Tenían órdenes de no moverse de allí, pero se aventuraron a caminar un poco por el parque en busca de su madre. No apareció por ninguna parte y al fin regresaron junto a los columpios que habían dejado de parecerles divertidos. En silencio, con los ojos muy abiertos y los cuellos estirados, se esforzaron durante largos minutos por distinguir la silueta conocida.

Ninguna lo era. Las personas que empezaban a transitar por el parque iban de prisa, nerviosas, perseguidas por un horario que cumplir, todas indiferentes, menos una mujer. (Los hermanos no recuerdan sus facciones ni el tono de su voz.) Se detuvo frente a ellos, los observó desconcertada y les hizo preguntas: ¿Qué hacen a estas horas aquí? ¿Les dieron permiso de salir de su casa? ¿Por qué están solos? ¿Quién los trajo? ¿Dónde viven?

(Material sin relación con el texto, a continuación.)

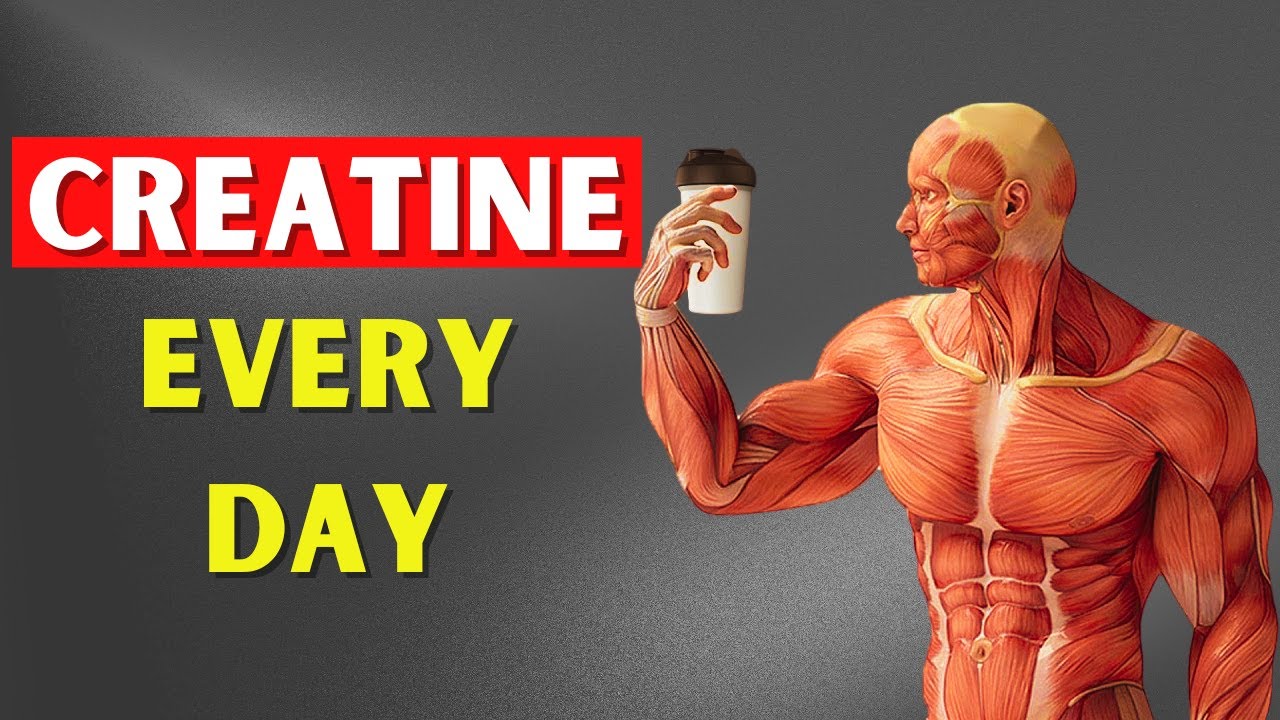 What happens to your body when you take creatine every day to gain ...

Los niños no tuvieron ánimo ni valor para responderle. Tomados de la mano, muy juntos, sólo miraban hacia el columpio vacío movido por el viento.

III

Sitiado por monótonas unidades habitacionales, de l994 a la fecha el parque de La Noria ha perdido espacio, senderos y follaje. Donde había setos hay monstruosos animales de cemento en los que cuesta mucho trabajo descubrir la forma de un león, un caballo, un gorila, un elefante. El lugar de la fuente lo ocupa un depósito de basura y de los árboles sólo quedan los troncos desbastados por un escultor figurativo y anónimo.

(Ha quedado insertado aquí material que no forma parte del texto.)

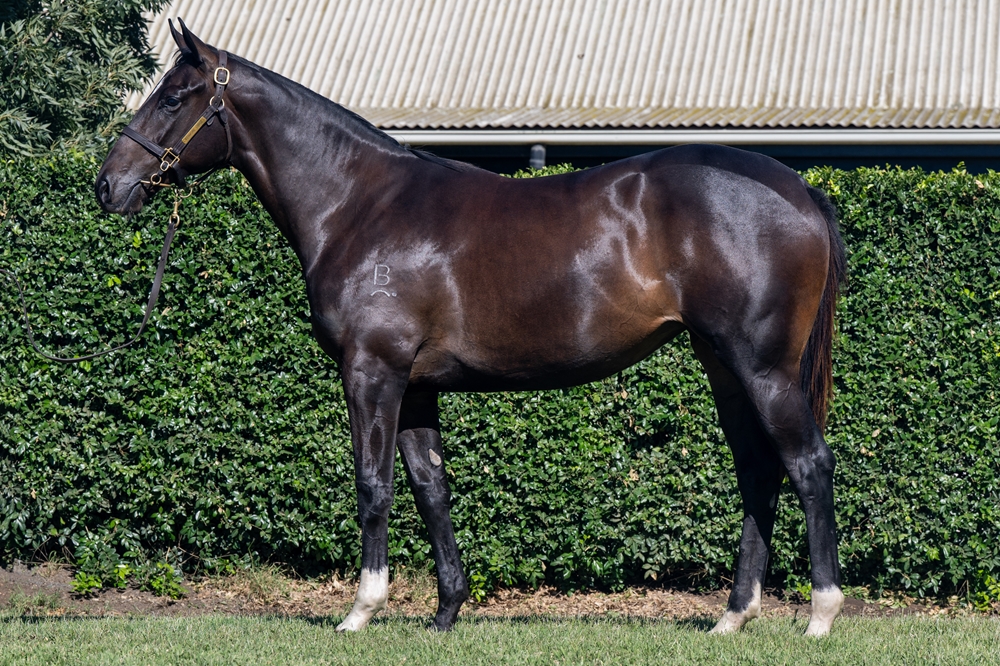Better Than Ready (AUS) / Aimee (AUS) 2024 Filly - Image 1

En este parque ya no se ven resbaladillas ondulantes ni túneles simulados con llantas por donde arrastrarse mientras se finge una aventura extraordinaria. Pero quedan los columpios. Siguen teniendo los mismos asientos de metal y aún los sostienen cadenas mohosas que gimen con el viento como aquella mañana de 1994 en que Andrés, Elsa y José vieron por última vez a su madre.